Director Dean Budnick‘s feature directorial debut, “Wetlands Preserved,” is a documentary that details “activist nightclub” The Wetlands Preserve. In 1989, Larry Bloch and his collective opened a nightclub just south of the Holland Tunnel in the then-underdeveloped Tribeca neighborhood of Manhattan. The club had been the first venue for New York performances of bands like Pearl Jam and Rage Against The Machine, and fused music with environmental activism in an entirely unique manner. Budnick’s doc portrays a critical moment in recent music history, and is a tribute to a club that closed prematurely on September 10, 2001. Budnick, who is also the senior editor of Relix Magazine, talked to indieWIRE about the film.

Please tell us about yourself… What initially attracted you to filmmaking, and how has that interest evolved during your career?

Like most anyone I would imagine who visits IndieWIRE regularly, my intimate relationship with film goes back to my childhood. In the early-80s my family purchased one of those gargantuan top-loader VCRs and it all happened in a rush. That was an interesting era, back when the inventory of local video stores was not altogether circumscribed by box office popularity. Not only that but the mom and pop stores only could afford to stock a few copies of each film, so folks would have to dig deep. You’d go in there on a Friday afternoon intending to rent “Back To The Future” and walk out with “Vanishing Point.”

While I did not pursue a career in film as a college undergraduate, during my senior year I enrolled in a seminar that required me to direct and edit a documentary. My film explored need-based college applications, tracing a high school senior through the process of applying for school and how her decisions (and the corresponding ones on the college side) were dictated by the availability of financial aid. It was an altogether satisfying experience for me and really affirmed my passion.

By the time I had completed that documentary I realized that a graduate degree in film might well suit me. Alas, this was the second semester of my senior year and I already had applied and been accepted to law school. This led me to New York City, where I soon found myself overwhelmed by all the cultural opportunities the city had to offer (not to mention the law school grind). My experience at Columbia also was important because it was in the spring of 1989 that I first made my way onto the #1 Train and took the subway down to a nightclub that had opened a few weeks earlier, called Wetlands Preserve.
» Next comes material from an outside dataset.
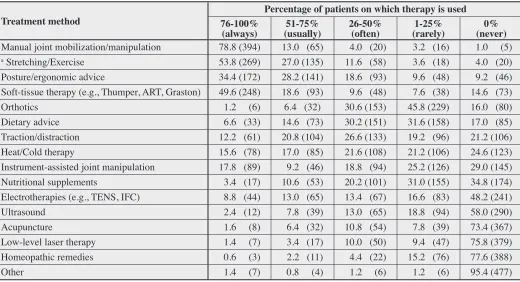 Table 4.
Instead of practicing law, however, I opted for a bit more cocoon and entered Harvard’s Ph.D. program in the History of American Civilization. It was a rather open-ended course of study that required one to draw on two core disciplines, English and History while exploring additional fields as well. Ultimately, this gave me the opportunity to immerse myself in the history and art of film. I wrote my doctoral dissertation on the life and work of silent film comic Roscoe “Fatty” Arbuckle (now that’s a story that has yet to be explored properly in film. Maybe one day…).

These experiences ultimately paved the way for my involvement with “Wetlands Preserved.”

Are there other aspects of filmmaking that you would still like to explore?

Absolutely. While there is another documentary hanging in the air, I’m hankering to direct a narrative feature from a script that I have been working on over the past few years. Actually, during the process of making “Wetlands Preserved” I wrote a few scripts but one in particular is singing to me right now. Which reminds me, the protracted process of completing this film, certainly tested my mettle in terms of moving forward with another project. When we started shooting “Wetlands Preserved” my wife was seven months pregnant with my son, who will be celebrating his fourth birthday shortly after the film opens at Cinema Village.

How did the idea for “Wetlands” come about?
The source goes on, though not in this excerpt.